This allows for the construction of the correct syntax tree, and produces a prediction of the correct ordering.

Although the Song et al. model performs slightly better than the Schmaltz et al. model, we augment the Schmaltz et al. model for several reasons. While the syntactic linearization model performs better than a simple LSTM using a beam search with a beam length of 1, its performance is barely an improvement over the simple LSTM when using a beam search with a large beam length, such as 512. Furthermore, the current state-of-the-art surface-level implementation is a simple 2-layer LSTM with no additional attention model or encoding (Schmaltz et. al)[1]. For this reason, we choose to explore the surface-level model, which does not generate syntactic trees but rather uses surface information, i.e. the words in the sentence. Our hope is that this approach may become the state-of-the-art, as it does not require dependency parsing and therefore avoids error introduced by automatic parsing. Additionally, a surface-level model is more lightweight and can easily be trained with large amounts of data. It is able to train more quickly, and on more diverse data, since it does not require the use or generation of syntactic trees. For these reasons, we use the approach of Schmaltz et al. as our baseline.

3 Approach

3.1 Baseline Training

Our baseline is the LSTM model used by Schmaltz et al.[1], which is a simple decoder. While the original model was implemented in Lua, we re-implement our own version of it in PyTorch and Python. We only use the higher level ideas from their paper to inform our baseline and otherwise code everything ourselves. Our code modifies makes use of several of the functions in the run.py and vocab.py files from assignment 4 as a basic framework to train our model, as our system is very similar to the NMT decoder from that assignment. We also add our own new vocabulary, and additionally add new modules to define our embeddings and baseline LSTM, CNN, LSTM-encoder and attention models.

Our LSTM Baseline architecture uses a PyTorch LSTMCell instead of an LSTM module as we perform customized calculations (e.g. we integrate an attention network which requires a calculation at each LSTM step) on the output projections of each hidden state.

During training, the model takes in a tensor of word embeddings from the target (grammatically ordered) sentence. This tensor is then split into many smaller tensors, one for every input word. The tensor representing the tth target word is Yt. We input Yt and the previous state of the LSTMCell, sprev into the Cell to produce a new state, scurr:

scurr = LST M Cell(Yt, sprev)

We then project scurr into a vector pword of the size of the model's vocabulary using a linear layer:

pword = Wproj scurr

Next, we apply the softmax function to calculate the probability of each potential word. This gives us a probability vector pwords.
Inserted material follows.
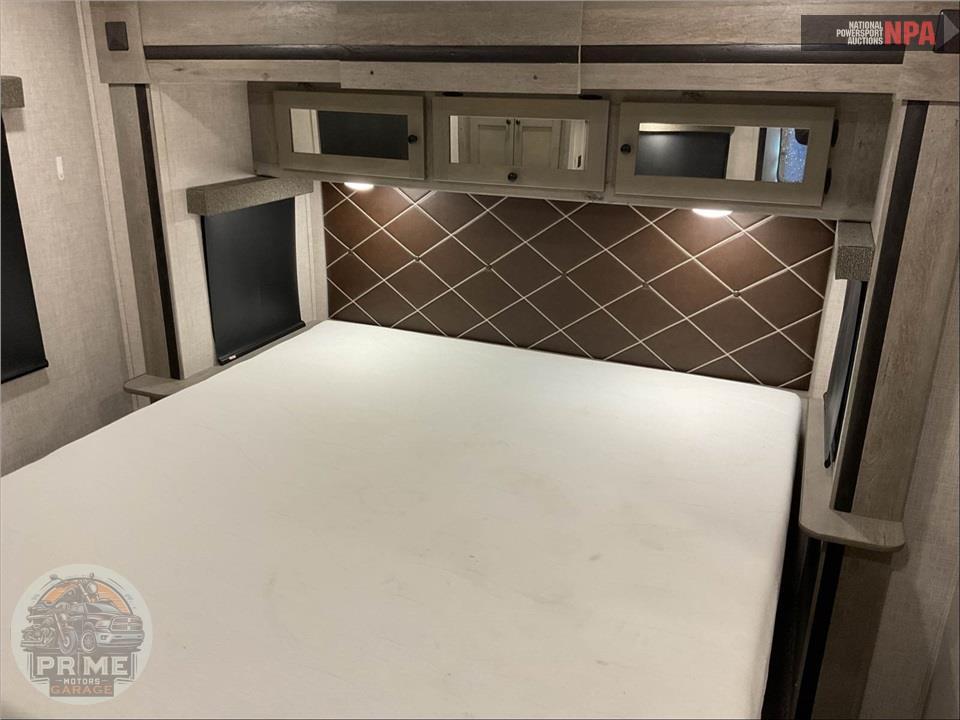 2019 Keystone Rv M-324 CG OUTBACK TOYHAULER SERIES — фото 11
This probability vector is then appended to a list of previous probability vectors. Once all of the target words have been passed in to the LSTM Cell, we have a tensor, Pallwords of pwords vectors from each step. We then use this tensor to calculate the loss and update the gradients. We use a cross-entropy loss function between Pallwords and the one-hot vectors representing each target word.

3.2 Baseline Decoding

When decoding, we make use of two different decoding algorithms. The first is a greedy decoder, which takes the maximum probability word at each step of the LSTM and then feeds that as input into the next step. This algorithm terminates when the predicted sentence reaches the length of the unordered source sentence, or "bag of words", and it returns the predicted sentence. The second decoding algorithm is a beam-search decoder which maintains a list of k best hypotheses, or partially complete sentences, as it progresses. Once the beam search is complete, we choose the most probable output sentence from our current beams. We evaluate our predicted sentences against the reference

2

sentences using the NLTK corpus_bleu function. We spent a long time implementing various forms of beam search until we finally settled on our best approach. The first approach we tried was a priority queue that first sorted by beam length and then by log probability, as that would guarantee all the beams of shorter length would be processed first. We realized, however that this had a runtime of O(kn), where k is the number of hyptoheses we choose at each layer, and n is the number of layers of the search (which in this case would be the length of the source sentence). As a result, we then switched to a simple beam search that processed a queue of k beams every layer, then obtained their successors and chose the k most likely of them to continue the search. This version of the algorithm only has run-time O(nk2), which is much faster.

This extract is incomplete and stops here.